- DVD released by Synapse Films
- Directed by: Archibald Flancranstin
- Screenplay by: Michael E. Kennedy
- Based on: Header by Edward Lee
- Produced by: Michael E. Kennedy Michael Philip Anthony
- Starring: Jim Coope Jake Suffian Dick Mullaney Elliot V. Kotek Melody Garren
- Cinematography: Archibald Flancranstin
- Edited by: Archibald Flancranstin
- Music by: Ben Goldberg
- Production company: Mpyreal Entertainment
- Distributed by: Synapse Films
- Release date: August 12, 2006 (Rhode Island International Film Festival);
- Running time: 89 minutes
- Country: United States
- Language: English
- Budget: $349,999

= Header (film) =

Header is a 2006 horror film directed by Archibald Flancranstin, and written Michael E. Kennedy.
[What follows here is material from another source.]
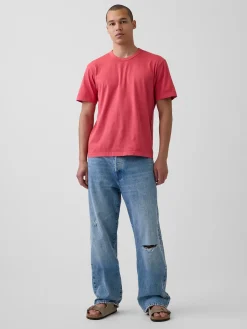 Adult Relaxed T-Shirt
It is based on the 1995 novella Header by Edward Lee.

== Plot ==
Imprisoned for involuntary manslaughter during a carjacking, Travis Clyde Tuckton is released from prison in 2003, and shacks up with his disabled grandfather, Jake Martin, in the old shoemaker's secluded West Virginia home. Jake elects to teach Travis everything he knows, starting with the family tradition of "headers"; the act of having sex with a hole drilled into a person's skull. Travis picks up a hitchhiker, and as Jake supervises, loses his "head humping" virginity to her. After killing a relative of a neighbor who had gotten into an argument with Jake, Travis vows to take revenge on all those who have wronged his family, declaring "An eye for an eye, and a head for a head!"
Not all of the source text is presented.